This ties into Shane's desire to expose web animations objects as 
CSS/SVG manipulators.

"One thing that I do think is important but not addressed in the spec is 
concurrency (I assume that this is what you meant by hardware 
accelerated animations). In particular, asynchronous animations are 
highly useful in covering up main thread lag due to events or 
implementations beyond the author's control. This is key on mobile where 
performance expectations are high due to a direct manipulation UI but 
processing power is weak. As a motivating example, consider trying to 
implement a feed of mixed content (say, Facebook's newsfeed) with native 
quality scrolling. Things like garbage collection, image decoding, 
style/layout from new content being inserted and time mysteriously 
unaccounted for (thanks Chrome!) disrupt the framerate 
during/transitioning into fling scrolling (which can use CSS animations 
for better physics / dependable scroll position events). The current and 
proposed APIs seem to assume some sort of synchronous execution between 
the JS and on screen animation; for this reason I like asynchronous 
events so that the animation thread isn't stalled by content."
  * I (Brian) followed this up and Rob provided the following 
clarification: "I think there are some implicit assumptions in the API 
such as the relation between the start of an animation and when you tell 
it to start; with asynchronous animations, you'll need to account for a 
delay (due to vsync, IPC overhead, etc...) and the page may want to take 
that into account when computing its UI."

Some discussion on synchronicity of events and the possible use of 
observers.

 > Brian to continue speccing events without observers.
 > Shane to show events model (once specced) to observers guys and see 
what they think.

This could also be about the delay between calling start() and when the 
animation first updates. This would cause a jump.

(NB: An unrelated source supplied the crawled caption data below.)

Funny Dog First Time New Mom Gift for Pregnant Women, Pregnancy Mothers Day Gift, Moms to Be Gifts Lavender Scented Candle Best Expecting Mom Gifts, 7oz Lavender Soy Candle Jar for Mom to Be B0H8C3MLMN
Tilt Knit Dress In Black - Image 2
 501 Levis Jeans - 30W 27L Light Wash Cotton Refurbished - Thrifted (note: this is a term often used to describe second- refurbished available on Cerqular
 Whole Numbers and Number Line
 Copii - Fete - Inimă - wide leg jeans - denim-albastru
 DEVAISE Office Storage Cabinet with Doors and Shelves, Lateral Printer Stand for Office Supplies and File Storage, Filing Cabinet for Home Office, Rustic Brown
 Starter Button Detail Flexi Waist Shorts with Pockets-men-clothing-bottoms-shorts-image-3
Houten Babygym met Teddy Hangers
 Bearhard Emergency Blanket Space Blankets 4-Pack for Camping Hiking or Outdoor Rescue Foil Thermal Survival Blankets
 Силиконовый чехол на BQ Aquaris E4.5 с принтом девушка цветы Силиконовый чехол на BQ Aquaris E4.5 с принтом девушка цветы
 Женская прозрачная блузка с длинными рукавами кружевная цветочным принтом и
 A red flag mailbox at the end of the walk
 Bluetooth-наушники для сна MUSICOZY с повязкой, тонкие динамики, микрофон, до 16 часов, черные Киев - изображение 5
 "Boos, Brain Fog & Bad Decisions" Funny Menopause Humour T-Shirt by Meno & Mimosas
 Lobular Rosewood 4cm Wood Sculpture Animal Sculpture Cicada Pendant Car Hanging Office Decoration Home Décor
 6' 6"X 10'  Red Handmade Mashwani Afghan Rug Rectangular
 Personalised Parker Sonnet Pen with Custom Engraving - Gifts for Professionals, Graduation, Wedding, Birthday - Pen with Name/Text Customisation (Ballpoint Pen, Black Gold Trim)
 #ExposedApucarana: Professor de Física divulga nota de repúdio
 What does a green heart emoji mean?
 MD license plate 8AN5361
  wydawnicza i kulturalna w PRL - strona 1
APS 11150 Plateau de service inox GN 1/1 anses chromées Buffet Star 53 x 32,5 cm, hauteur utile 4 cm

We might add a feature in a future version for“start this animation asap 
but whatever you do, start from the beginning”
  → startASAP()?
  → base it off a trigger?

“I do like that you can compute the animation in JS with your own 
internal structure and then have the browser query that instead of 
shoving it into the CSSOM (creating a lot of garbage via string 
allocation).”
  * I asked, “I just want to check I've understood this part. Are you 
referring to CustomAnimFunc? If that's the case, then the user-supplied 
function just applies the effect itself. It doesn't return anything to 
the browser.”
  * To which Rob responded: “Oh, I thought that it was to allow JS to 
specify the animation curve so that the browser can asynchronously 
render it. This is an example of where I mean that the spec does not 
seem to permit an asynchronous (multithreaded) implementation.”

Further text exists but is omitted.